Off With Her Head: Nonfiction About The Wives Of Henry VIII
England’s King Henry VIII may have gone down in history for his book-smarts, athletic ability, and charismatic ambition…if it weren’t for his knack for marrying, then getting rid of, a series of unfortunate women. His obsession with ensuring his family’s legacy through the birth of sons wound up being his undoing, as he’s best remembered now as a sort of tragic Bluebeard figure. History has also been kinder than he ever was to the six women unfortunate enough to have found themselves as his wives. These six recent nonfiction works examine who these women were, both inside and outside of their doomed marriages to the notorious King.
Wife #1: Katherine of Aragon
Sister Queens: The Noble, Tragic Lives of Katherine of Aragon and Juana, Queen of Castile by Julia Fox
Katherine of Aragon came from a family of Spanish royals, including her sister Juana, who would marry Philip of Burgundy. This first dual biography reveals these queens as flesh-and-blood women—equipped with character, intelligence, and conviction—who are worthy historical figures in their own right. Ousted from the positions of power and influence they had been groomed for and separated from their children, Katherine and Juana each turned to their rich and abiding faith and deep personal belief in their family’s dynastic legacy to cope with their enduring hardships.
Wife #2: Anne Boleyn
The Creation of Anne Boleyn: A New Look at England’s Most Notorious Queen by Susan Bordo
Part biography, part cultural history, this is a fascinating reconstruction of Anne’s life and an illuminating look at her afterlife in the popular imagination. Why is Anne so compelling? Why has she inspired such extreme reactions? What did she really look like? And perhaps the most provocative questions concern Anne’s death more than her life. How could Henry order the execution of a once beloved wife? Drawing on scholarship and critical analysis, Susan Bordo probes the complexities of one of history’s most infamous relationships.
Wife #3: Jane Seymour
Jane Seymour: Henry VIII’s True Love by Elizabeth Norton
While most of Henry VIII’s wives are the subject to numerous biographies, this work is the first work dedicated entirely to Jane Seymour. Often portrayed as meek and mild, this work suggests the real Jane was a very different character, demure and submissive yet with a ruthless streak. From the lowliest origins of any of Henry’s wives, her rise shows an ambition every bit as great as that of Anne Boleyn’s.
Wife #4: Anne of Cleves
Anne of Cleves: Henry VIII’s Discarded Bride by Elizabeth Norton
Anne of Cleves is often portrayed as a stupid and comical figure. The real Anne was both intelligent and practical, ensuring that, whilst she was queen for the shortest period, she was the last of all Henry VIII’s wives to survive.

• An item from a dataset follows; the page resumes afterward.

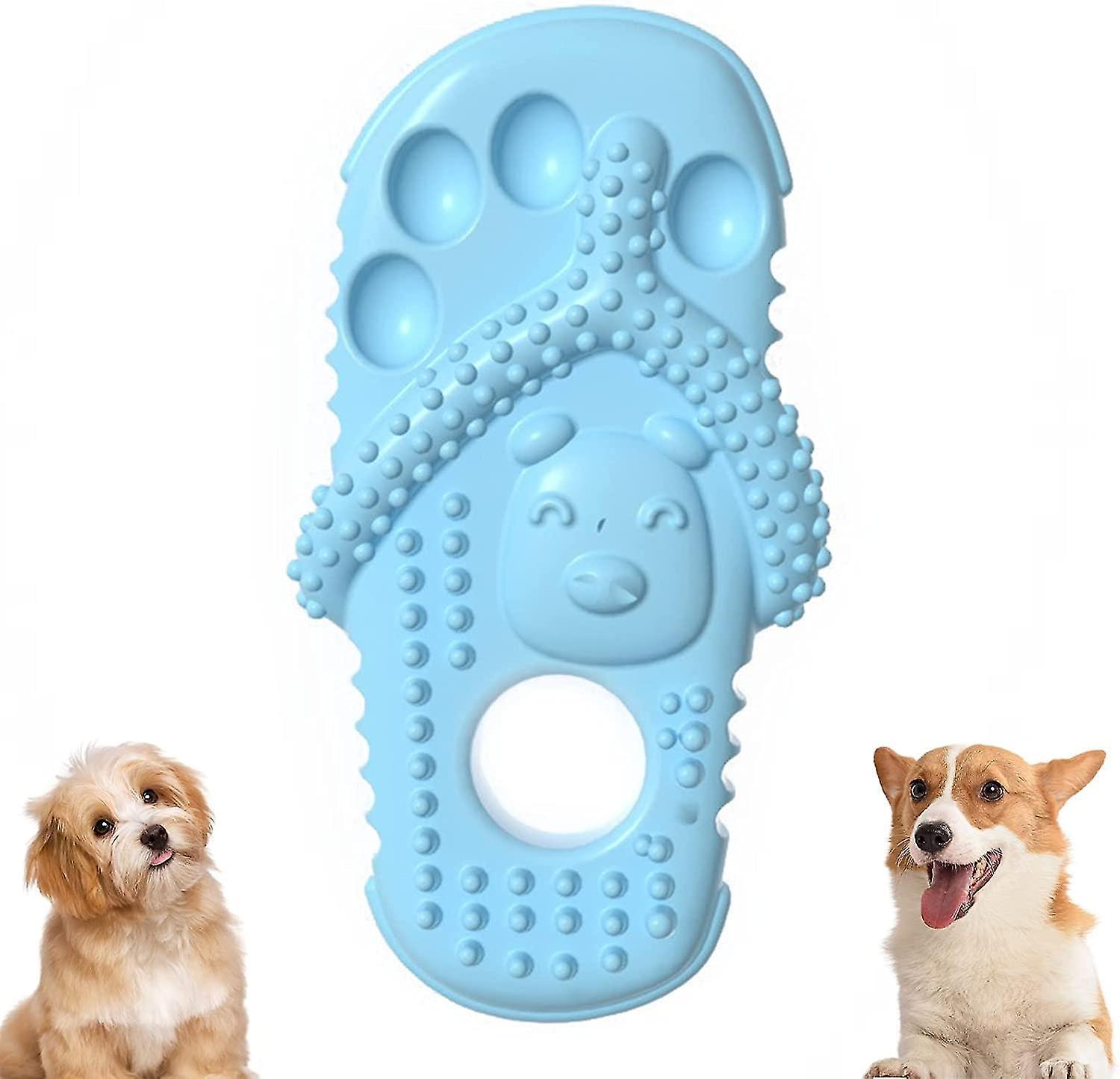 Tianzun Dog Chew Toys For Aggressive Chewers, Slipper Shape Dog Chew Toys Durable Dod Toy For Training Teeth Cleaning Blue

After only seven months of marriage, Henry was desperate to rid himself of Anne of Cleves, which, combined with her cleverness, left her with one of the biggest divorce settlements in English history. As this biography outlines, she led a dramatic and often dangerous life but, for all this, of Henry VIII’s six wives, she is truly the wife that survived.
Wife #5: Catherine Howard
Young and Damned and Fair: The Life of Catherine Howard, Fifth Wife of King Henry VIII by Gareth Russell
Unlike previous accounts of Catherine Howard’s life, which portray her as a naïve victim of an ambitious family, this compelling and authoritative biography reexamines her motives and shows her in her context. By illuminating Catherine’s entwined upstairs/downstairs worlds as well as societal tensions beyond the palace walls, the author offers a fascinating portrayal of court life in the sixteenth century and a fresh analysis of the forces beyond Catherine’s control that led to her execution.
Wife #6: Katherine Parr
Katherine the Queen: The Remarkable Life of Katherine Parr by Linda Porter
The general perception of Katherine Parr is that she was a provincial nobody who became queen of England because the king needed a matronly consort to nurse him as his health declined. Yet the real Katherine Parr was attractive, passionate, ambitious and highly intelligent. Twice widowed, held hostage by the northern rebels during the great uprising of 1536–37, her life had been dramatic even before she became queen. It would remain so after Henry’s death, when she hastily and secretly married her old flame, the rakish Sir Thomas Seymour. This is the first full-scale, accessible biography of this fascinating woman who was, in reality, one of the most influential and active queen consorts in English history.